>>>

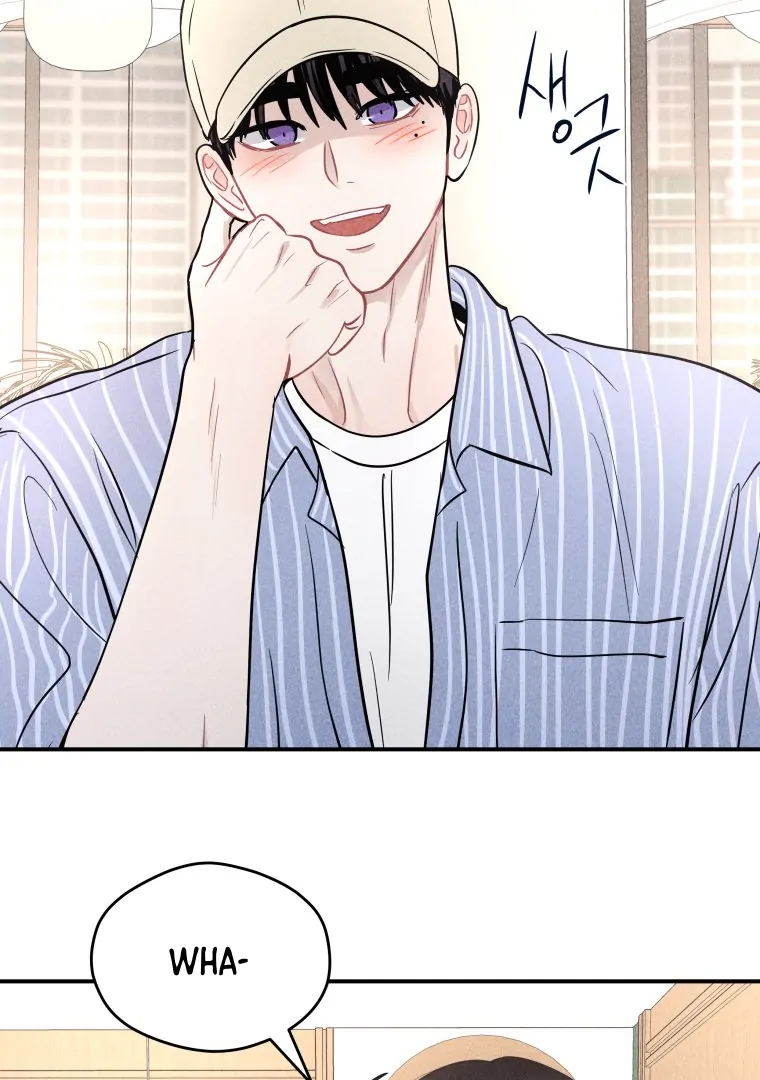 Ghost Romance Chapter 60 page 36 - 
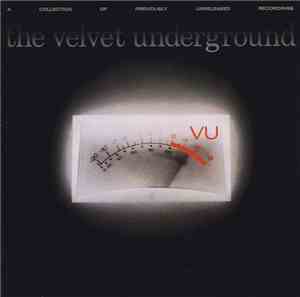 The Velvet Underground - VU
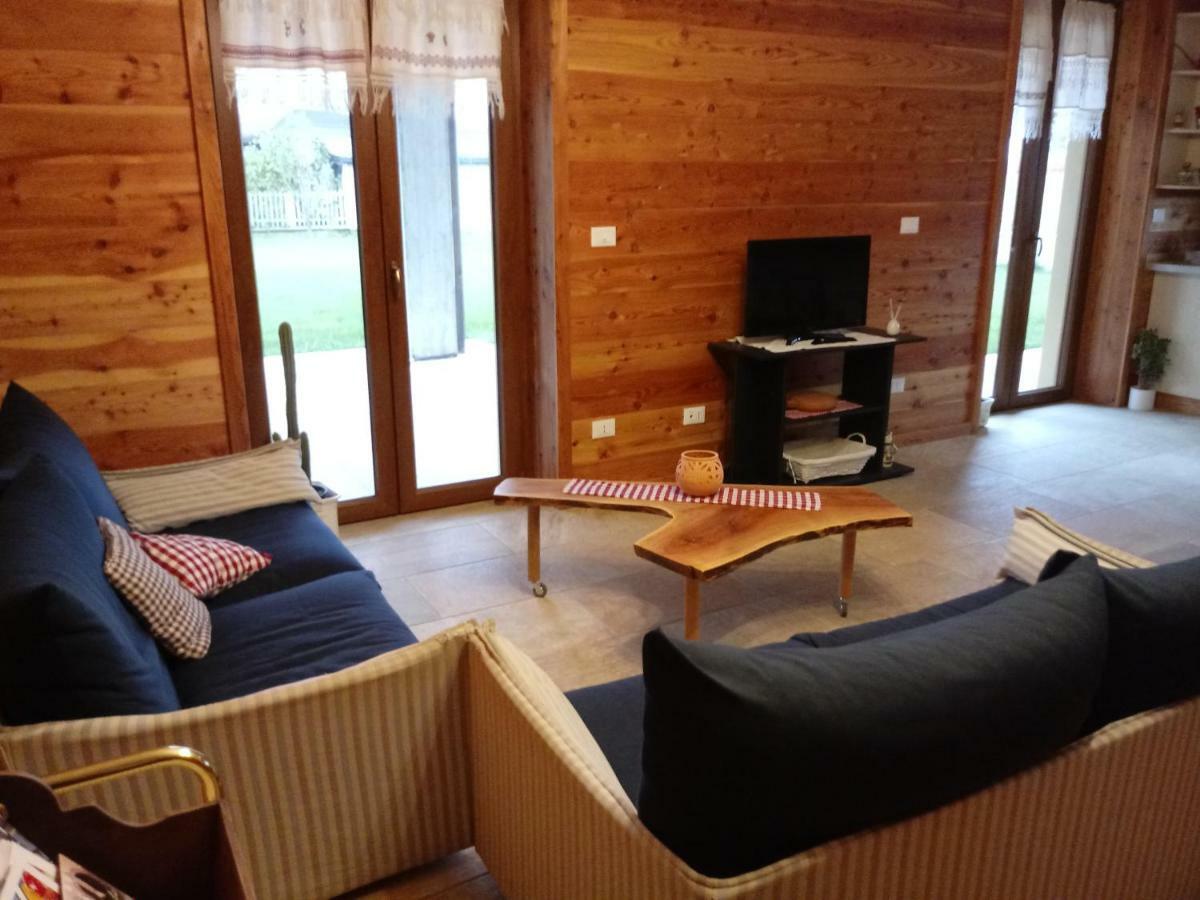 Appartamento L'Albero E Le Stelle Borgo San Dalmazzo Ngoại thất bức ảnh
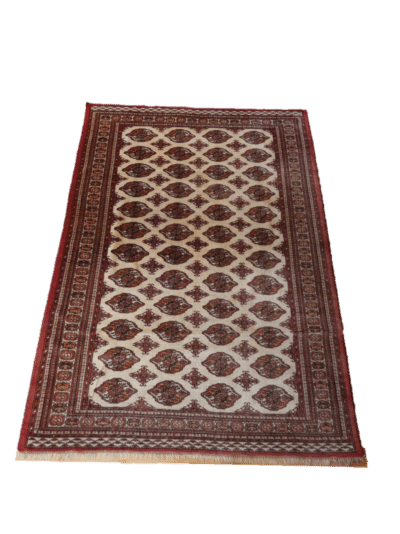 TURCOMAN YAMUT 210cm x 156cm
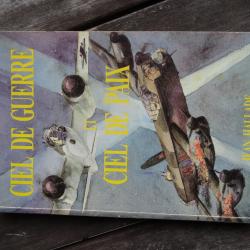 ciel de guerre et ciel de paix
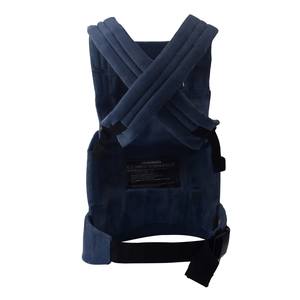 Portabebés Ergonómico <span class=keywords><strong>3</strong></span> en 1 Personalizado, Portabebés Plegable de Poliéster para Recién Nacidos con Certificación de Seguridad - Product Image 3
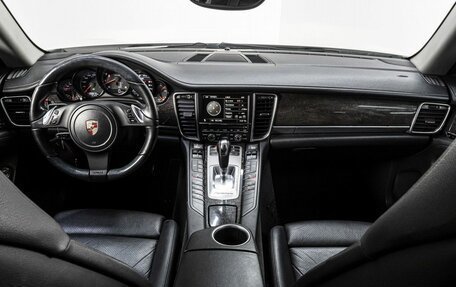 Porsche Panamera II рестайлинг, 2012 год, 2 629 000 рублей, 23 фотография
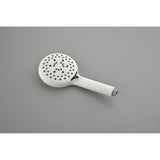 Shower System with Shower Head, Hand Shower, Slide Bar, Bodysprays, Shower Arm, Hose, Valve Trim, W2287141191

<<<

Problem details: Return exactly the lines from the line with "Portabebés Ergonómico <span" through the last line of the data above, both included; pictures do not go in the answer.

Task output:
 Portabebés Ergonómico <span class=keywords><strong>3</strong></span> en 1 Personalizado, Portabebés Plegable de Poliéster para Recién Nacidos con Certificación de Seguridad - Product Image 3
 Porsche Panamera II рестайлинг, 2012 год, 2 629 000 рублей, 23 фотография
 Shower System with Shower Head, Hand Shower, Slide Bar, Bodysprays, Shower Arm, Hose, Valve Trim, W2287141191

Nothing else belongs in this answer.